ACTIVITY: Set down each line of the data exactly, but not the pictures.

SUPPLIED INFORMATION:
- - -
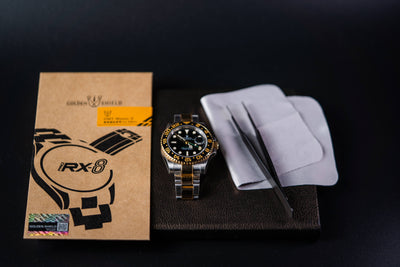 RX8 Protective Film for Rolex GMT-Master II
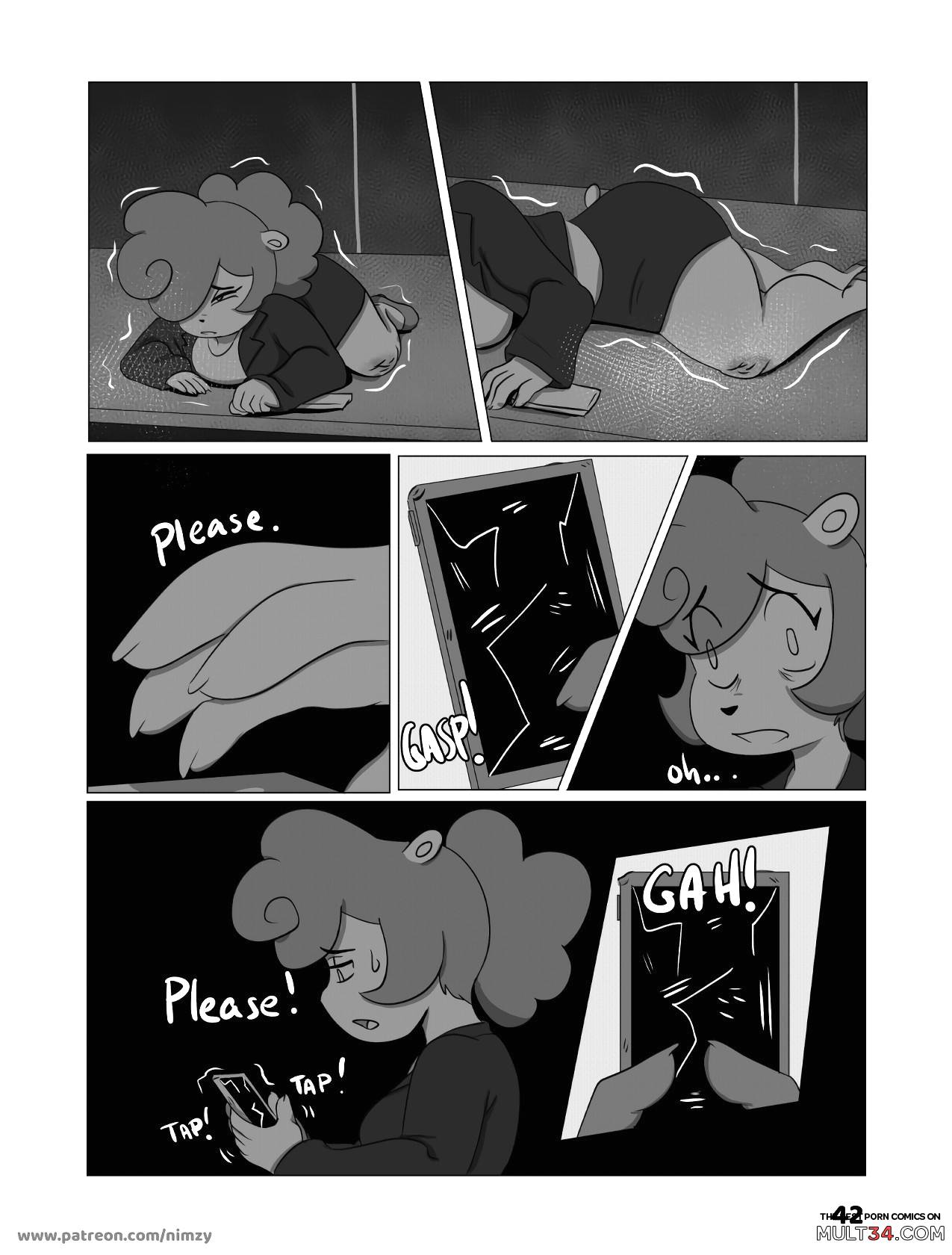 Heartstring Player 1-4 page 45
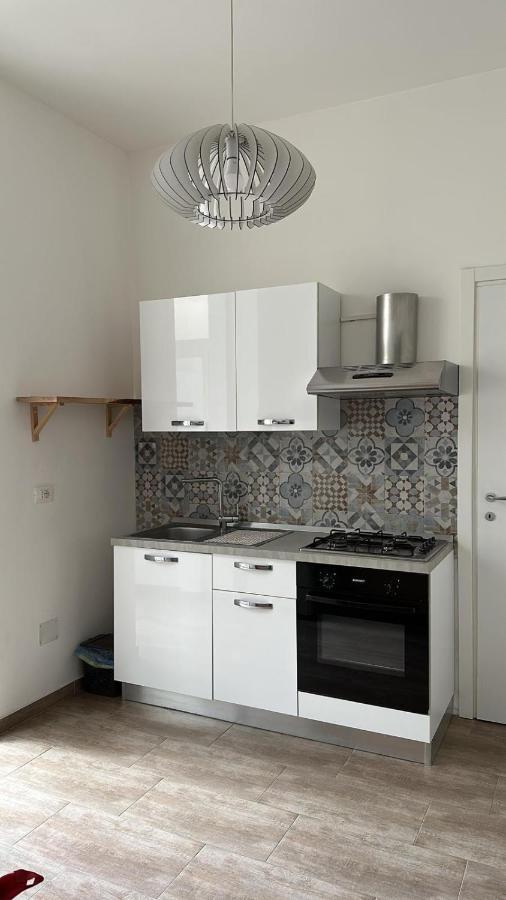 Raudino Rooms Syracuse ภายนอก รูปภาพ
- - -
YOUR SOLUTION:
 RX8 Protective Film for Rolex GMT-Master II
 Heartstring Player 1-4 page 45
 Raudino Rooms Syracuse ภายนอก รูปภาพ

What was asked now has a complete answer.